[Problem statement]: Where pictures appear, omit them, and copy exactly only the lines from the start of the listing through the line containing "Laragai house outdoor breakfast", both included.

[Extracted records]:
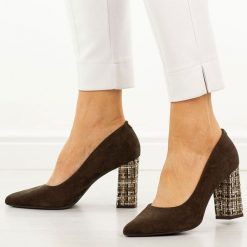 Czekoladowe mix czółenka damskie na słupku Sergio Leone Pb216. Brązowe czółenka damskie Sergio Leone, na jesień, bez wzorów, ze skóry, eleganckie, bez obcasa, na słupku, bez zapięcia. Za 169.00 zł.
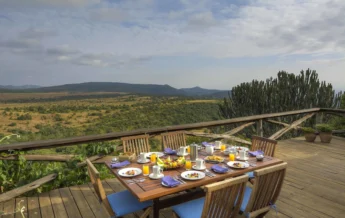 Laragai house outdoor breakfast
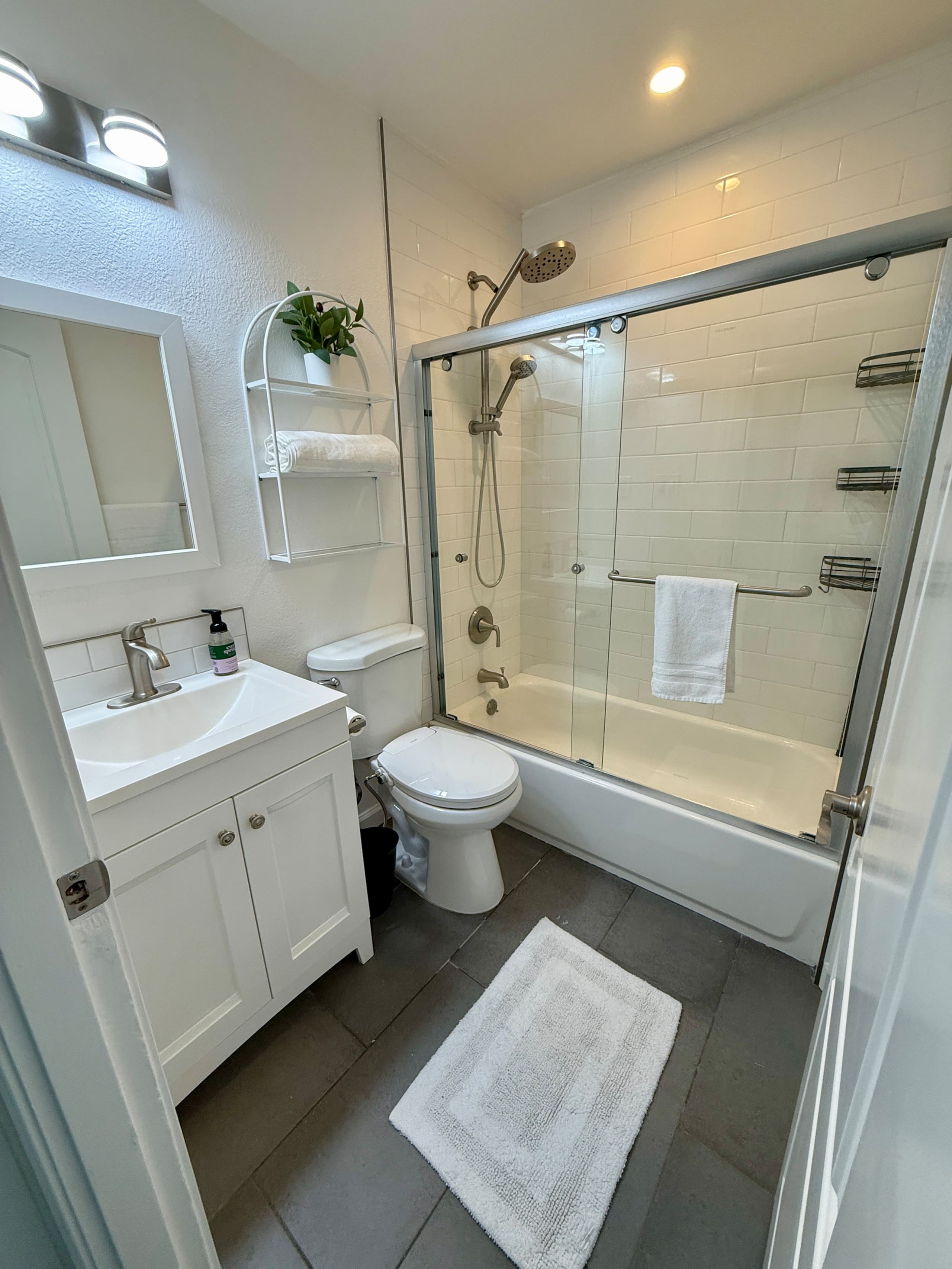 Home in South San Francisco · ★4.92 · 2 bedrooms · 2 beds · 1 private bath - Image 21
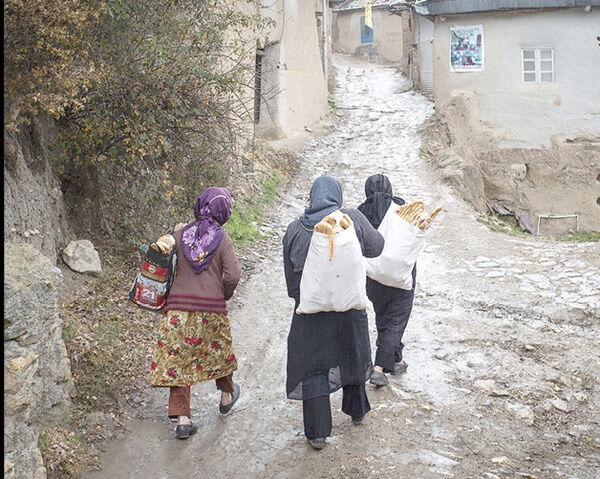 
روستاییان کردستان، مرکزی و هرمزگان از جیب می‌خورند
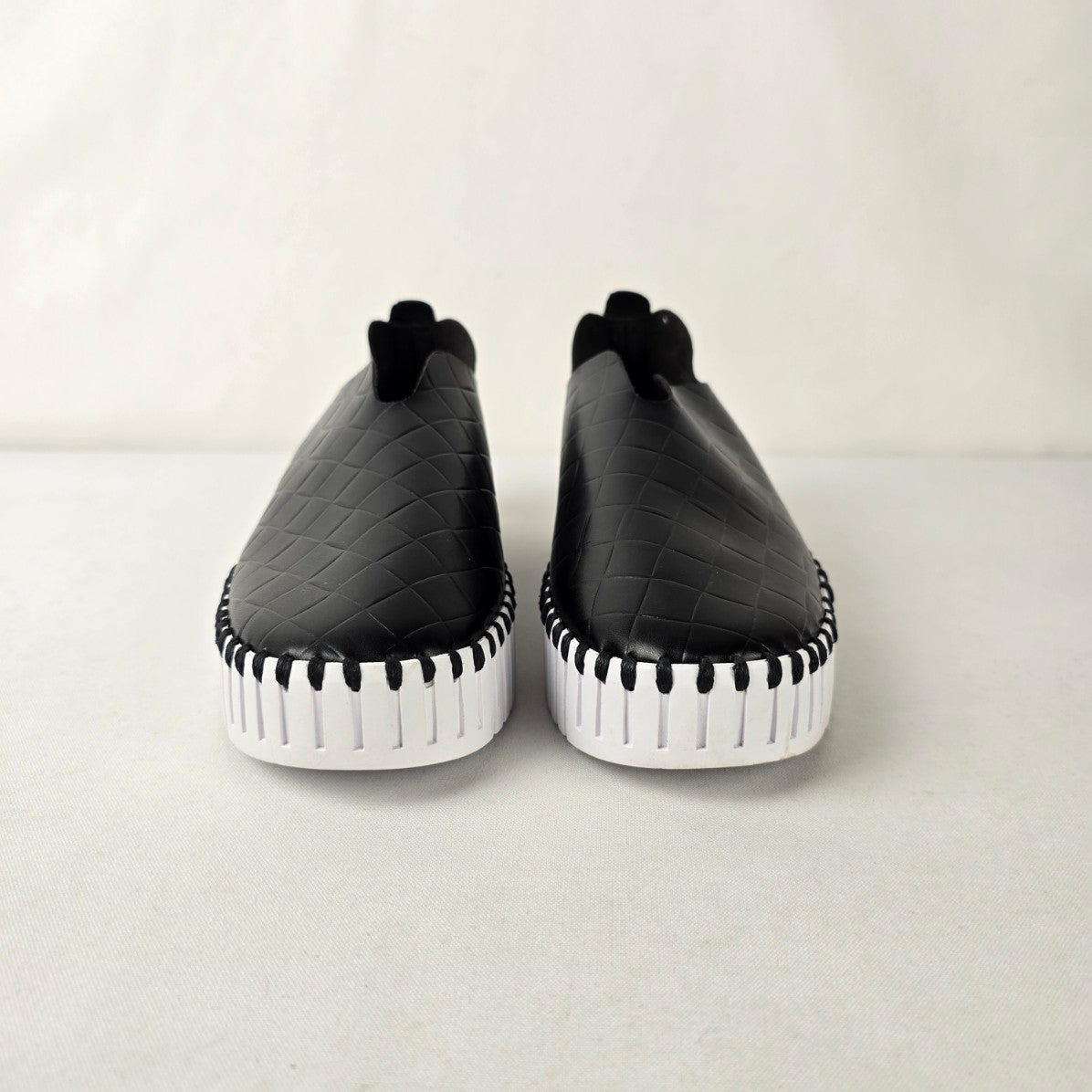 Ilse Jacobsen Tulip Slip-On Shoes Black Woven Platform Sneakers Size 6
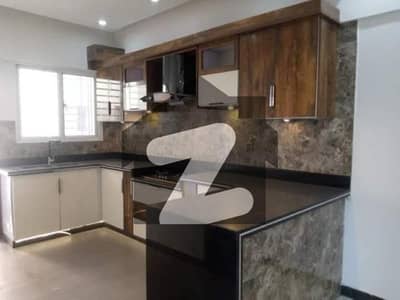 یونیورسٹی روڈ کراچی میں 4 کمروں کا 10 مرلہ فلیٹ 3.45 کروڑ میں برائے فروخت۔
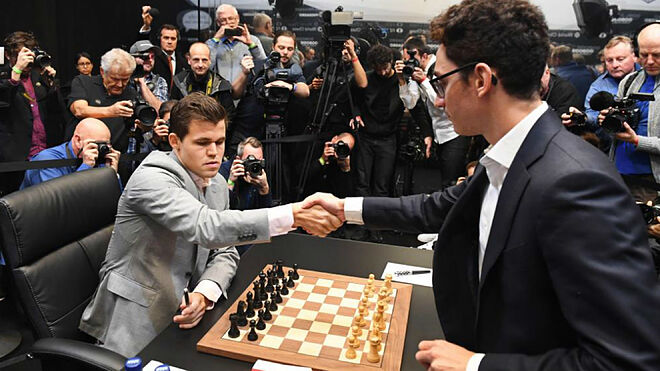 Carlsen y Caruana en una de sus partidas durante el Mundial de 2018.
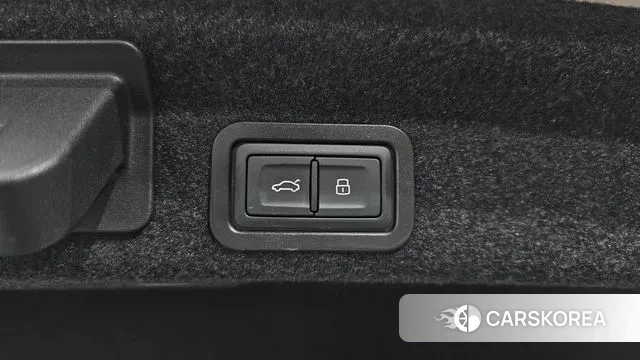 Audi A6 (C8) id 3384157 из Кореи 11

[Task result]:
 Czekoladowe mix czółenka damskie na słupku Sergio Leone Pb216. Brązowe czółenka damskie Sergio Leone, na jesień, bez wzorów, ze skóry, eleganckie, bez obcasa, na słupku, bez zapięcia. Za 169.00 zł.
 Laragai house outdoor breakfast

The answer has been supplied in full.